Aim of the exercise: Reproduce the records. Keep every word exact and include no images.

(Brief descriptive captions)
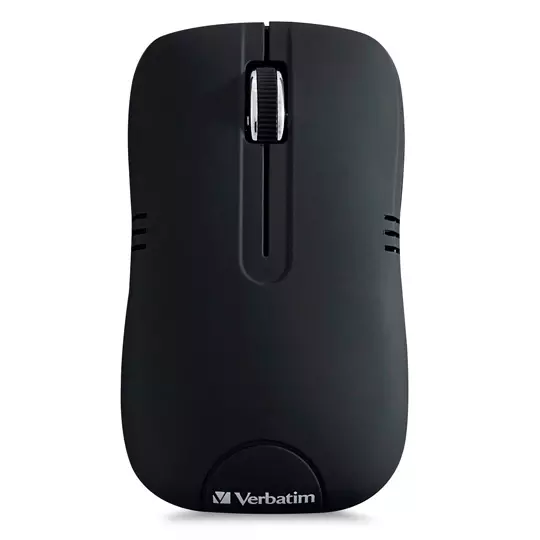 Mouse Verbatim óptico inalámbrico para notebooks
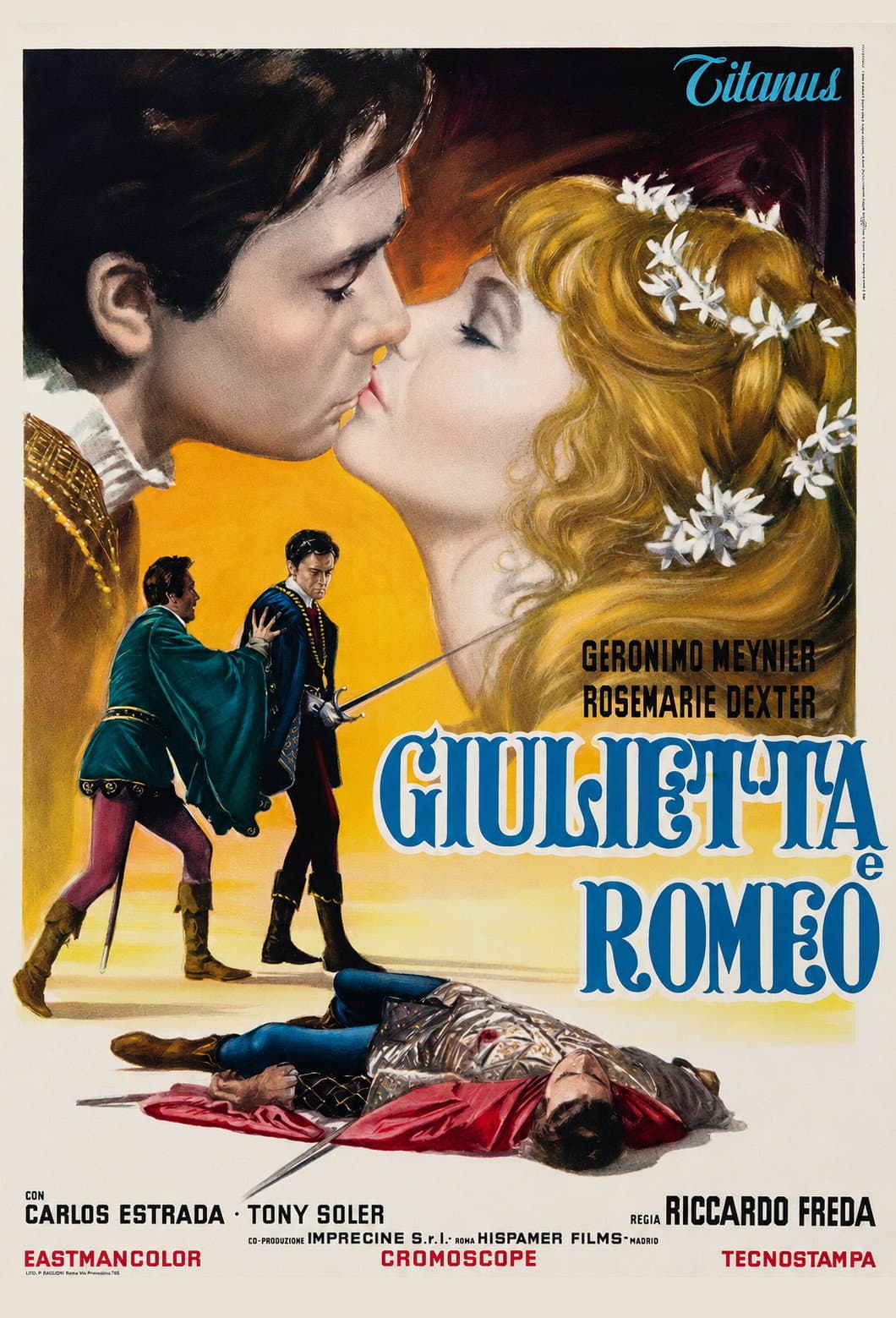Poster di Romeo e Giulietta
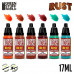 Liquid Pigments Set - Rust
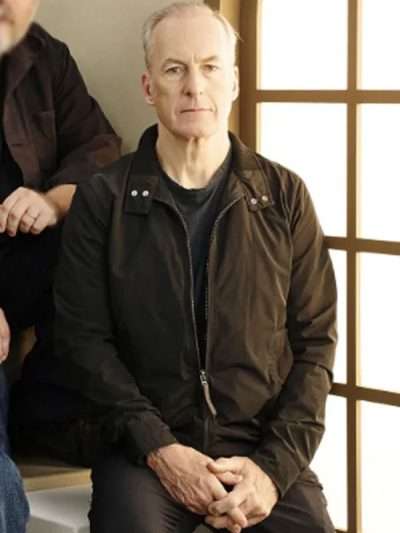 Bob Odenkirk Normal 2025 Black Jacket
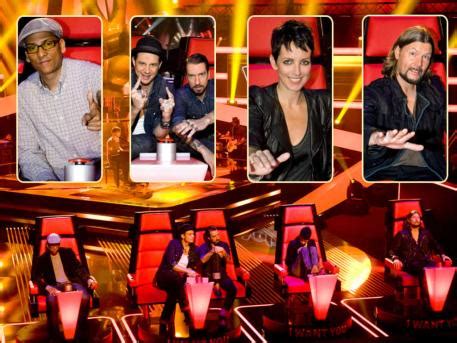 Jury - The Voice of Germany Photo (28308489) - Fanpop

Solution for this problem:
 Mouse Verbatim óptico inalámbrico para notebooks
Poster di Romeo e Giulietta
 Liquid Pigments Set - Rust
 Bob Odenkirk Normal 2025 Black Jacket
 Jury - The Voice of Germany Photo (28308489) - Fanpop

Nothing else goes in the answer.